I will be speaking at two conferences in Lausanne, Switzerland on May 27 and 27, 2016, along with a colleague, Todd Jackson, of Feinberg, Jackson, Worthman & Wasow. We have been invited by a Swiss attorney and law professor, Bettina Kahil. Professor Kahil audited our employment law course at Berkeley Law School in 2015.
Our first presentation will cover workers’ privacy rights in the United States, with a focus on workplace privacy. We will also discuss privacy with respect to email and social media.
For example, California has a very progressive law, Labor Code section 980, which prevents employers from forcing employees to provide them with access to personal social media (such as Facebook, Instagram, etc.) Additionally, the National Labor Relations Board has been very proactive in recent years in terms of protecting employees who use social media to address the conditions in their workplaces.
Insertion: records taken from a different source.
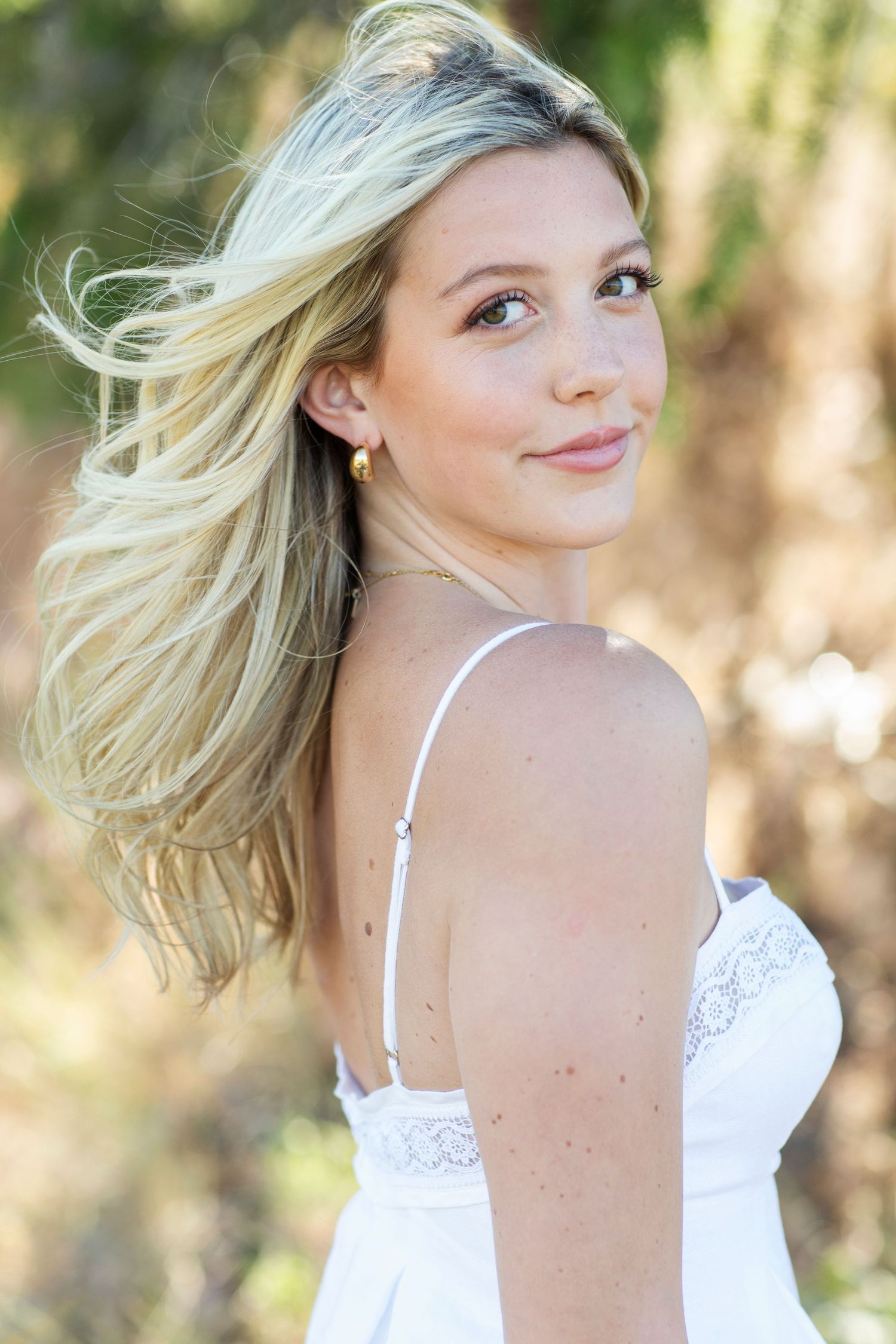 Close-up of a blonde woman in a white lace dress glancing over her shoulder with a soft smile outdoors.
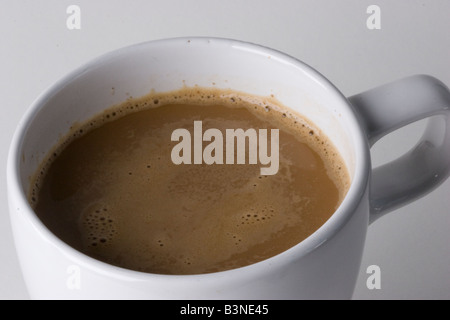 Café avec un peu de lait dans la tasse blanche avec fond blanc Banque D'Images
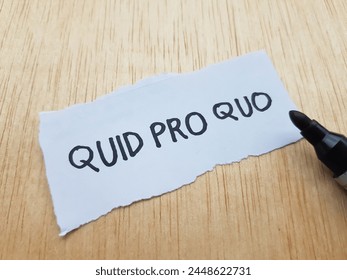 Quid pro quo writting on table background.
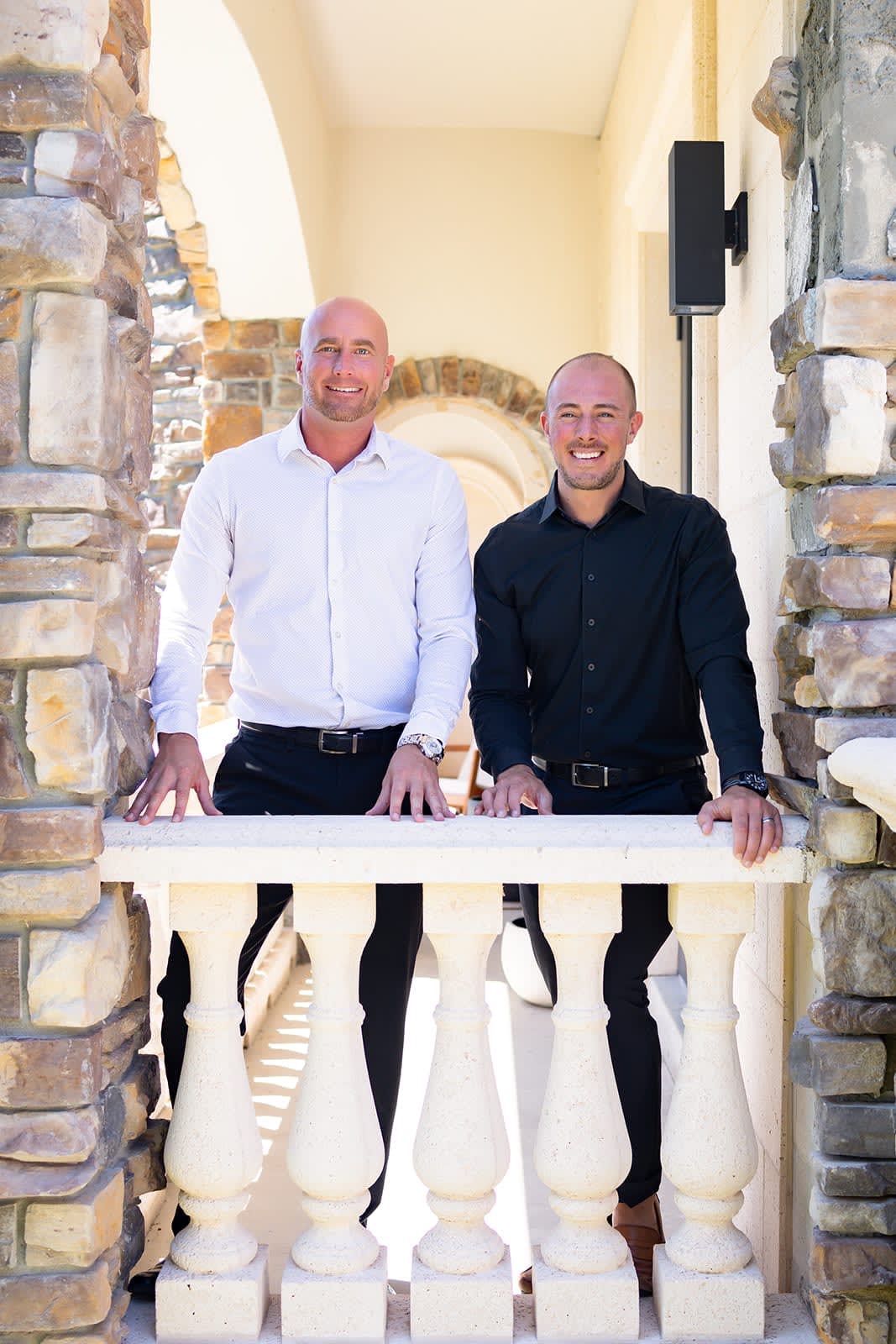 A portrait of Ryan Skrzypkowski and Derek McConnell on a porch.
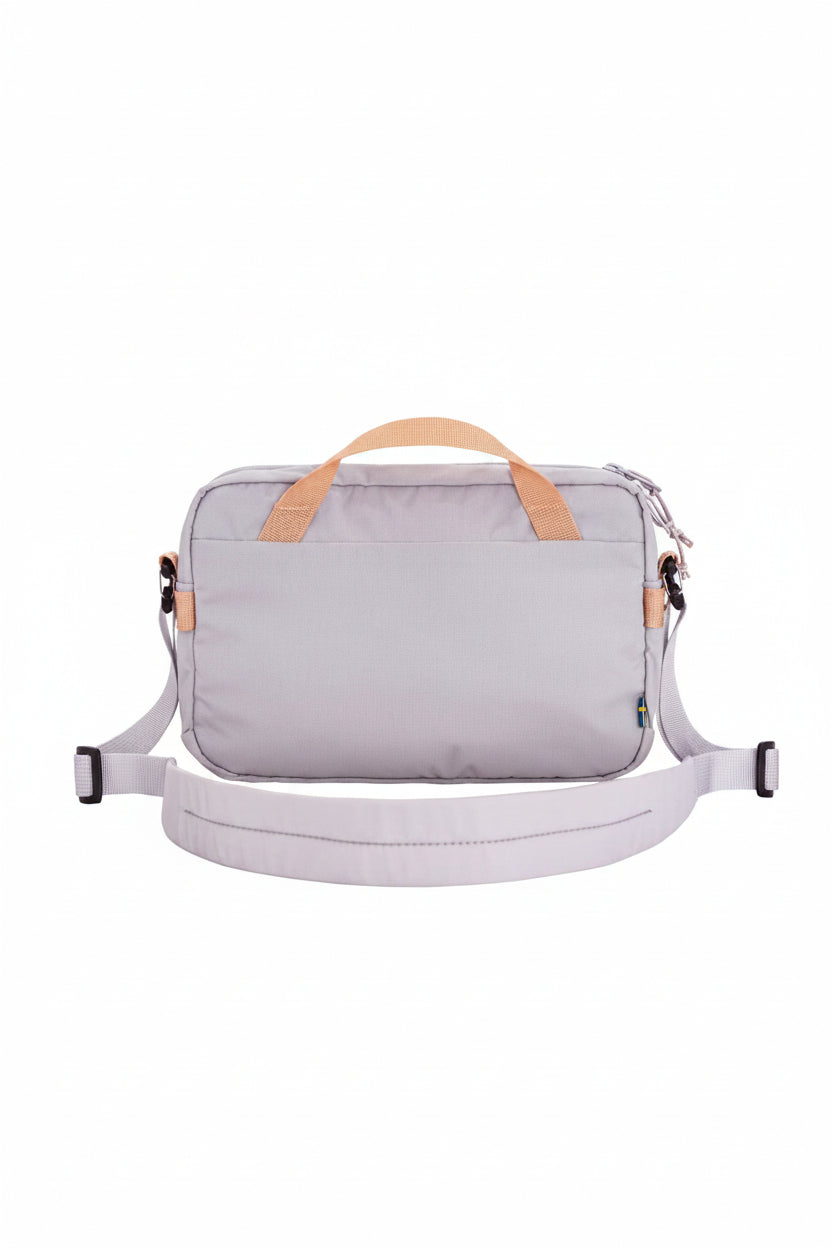lavender bag with orange handles and a white strap on a white background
The second presentation will address foreign workers working in the United States. In particular, we will cover the following topics:
In what courts can they sue or be sued?
What is the legal effect of the three most common ways that contracts seek to modify the jurisdiction of courts?
Choice of Law clauses
Choice of Forum clauses
Arbitration Agreements
US courts handle these questions very differently than European courts. For example, in Europe employees are generally given the right to sue where they work or where they live. Under US law, courts have enforced contracts that require employees to bring suit in far off locations (including foreign countries). Such agreements often result in a material hardship to the employees, who must both find attorneys in a foreign country and travel there for court proceedings.
Similarly, under European law, courts may refuse to apply the law of a country where it is “manifestly incompatible with the public policy of the forum.” In other words, companies cannot avoid the laws that are meant to protect workers by requiring the workers to sue under the laws of another country. Under US law, it is much more complicated, and depends upon the law of the forum state.
Finally, I am looking forward to discussing the rise of arbitration agreements in the United States, and how this development has harmed employees. It will be interesting to see whether the same phenomenon is occurring in Europe.